Available data >>
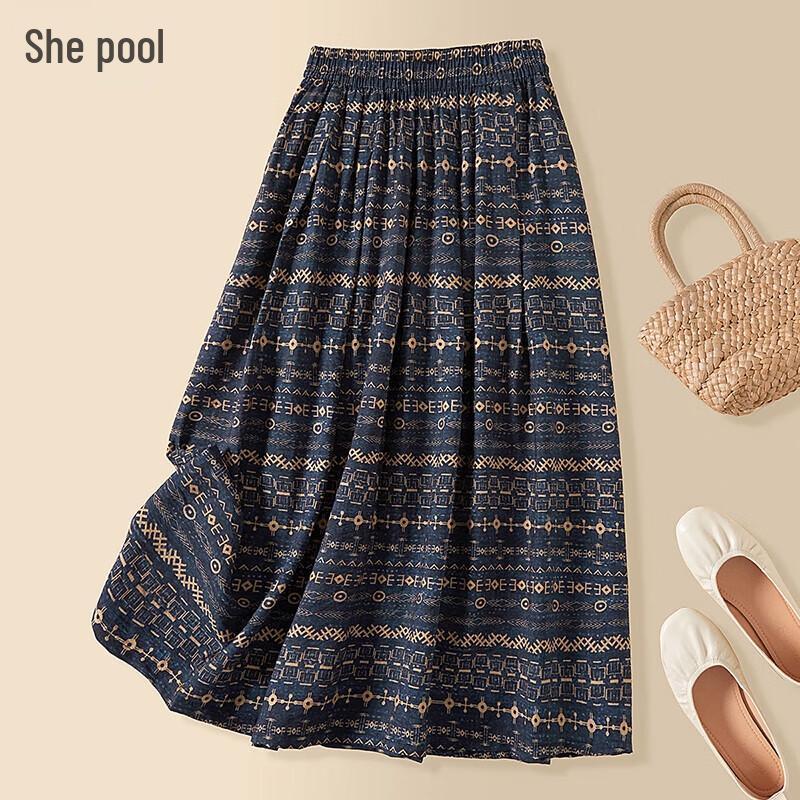 Women s Retro Print Elastic Waist A-Line Midi Skirt ONE SIZE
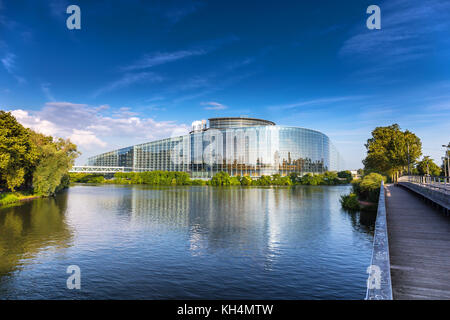 Straßburg, Frankreich, 06. August 2016. Das Gebäude des Europäischen Parlaments in Straßburg. Stockfoto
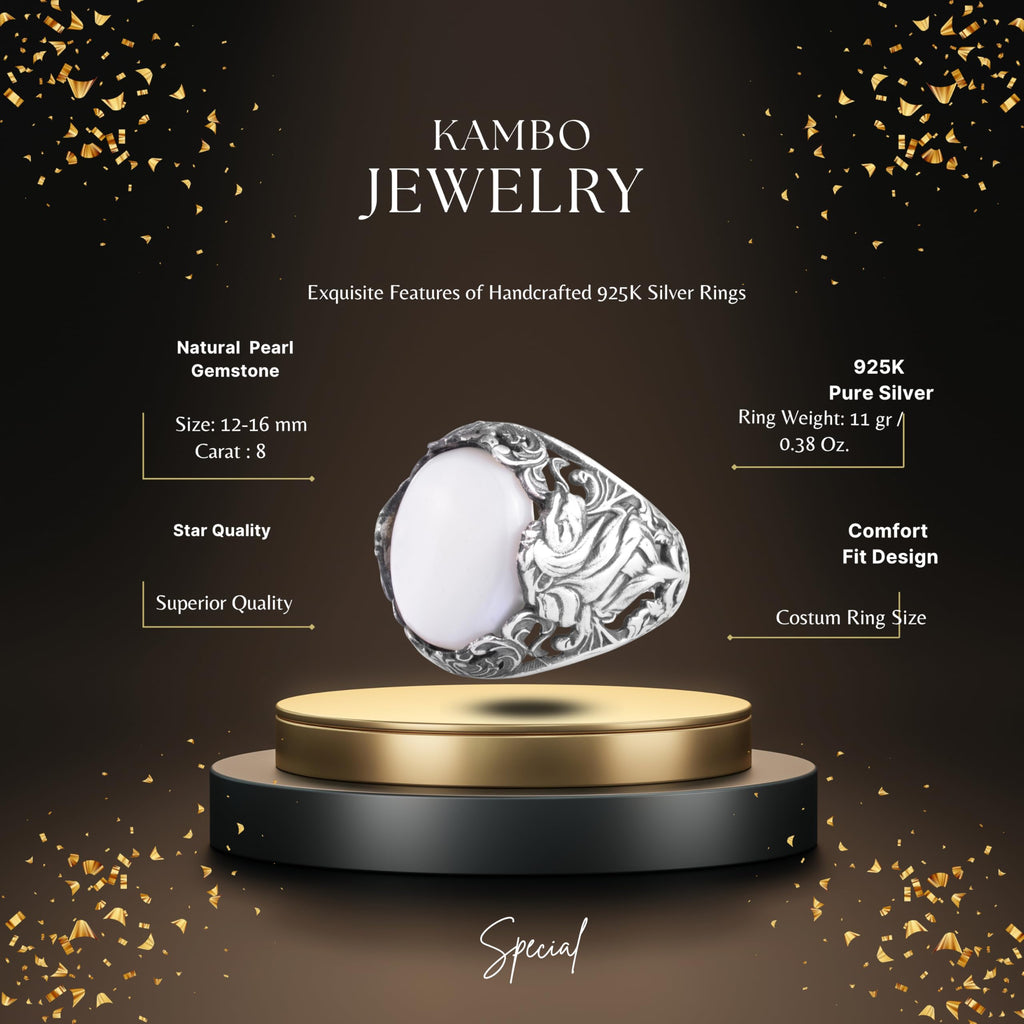 KAMBO Natural Stone Men's Ring 925 Sterling Silver - Large Flower Engraved Statement Ring - Handmade Vintage Ring for Men (Pearl-1) — 2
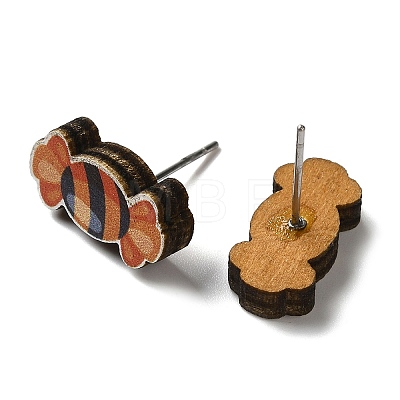 Wood Stud Earrings EJEW-Z054-02C-1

Your goal >>
Once the line containing "Straßburg, Frankreich, 06." has been found, write out exactly that line and each one after it through the end of the data, leaving out every picture.

Exercise result >>
 Straßburg, Frankreich, 06. August 2016. Das Gebäude des Europäischen Parlaments in Straßburg. Stockfoto
 KAMBO Natural Stone Men's Ring 925 Sterling Silver - Large Flower Engraved Statement Ring - Handmade Vintage Ring for Men (Pearl-1) — 2
 Wood Stud Earrings EJEW-Z054-02C-1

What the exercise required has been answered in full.